**Your instructions**
Write out the entries verbatim and leave the images out of the copy.

**Information supplied**
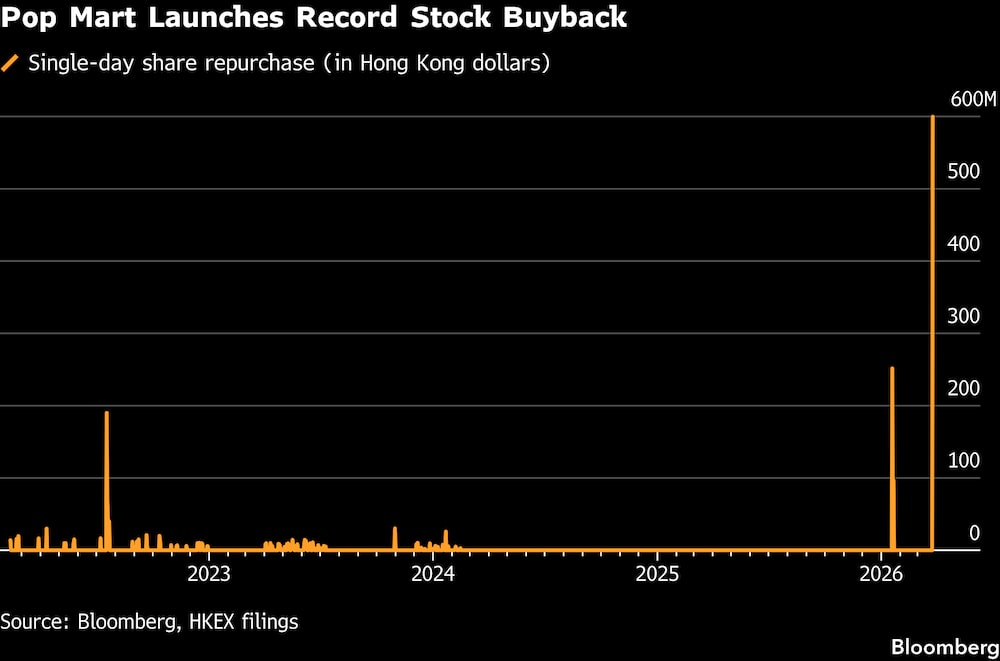 Pop Mart lanza un programa de recompra de acciones sin precedentes. Pop Mart lanza un programa de recompra de acciones sin precedentes.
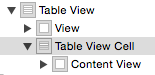 Table View Cell in Storyboard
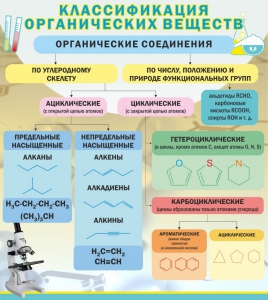 Стенд "Классификация органических веществ" - fgospostavki.ru - Смоленск
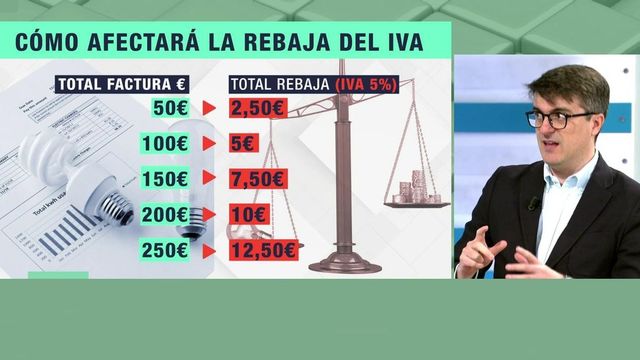 La bajada del IVA en la factura de la luz beneficia muy poco a las ...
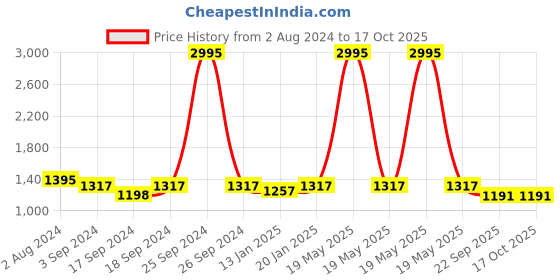myntra.com Sherrif Shoes Pointed Toe Party Stiletto Heels sherrif shoes Price History Graph from 2 Aug 2024 to 16 Oct 2025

**Completed task**
 Pop Mart lanza un programa de recompra de acciones sin precedentes. Pop Mart lanza un programa de recompra de acciones sin precedentes.
 Table View Cell in Storyboard
 Стенд "Классификация органических веществ" - fgospostavki.ru - Смоленск
 La bajada del IVA en la factura de la luz beneficia muy poco a las ...
myntra.com Sherrif Shoes Pointed Toe Party Stiletto Heels sherrif shoes Price History Graph from 2 Aug 2024 to 16 Oct 2025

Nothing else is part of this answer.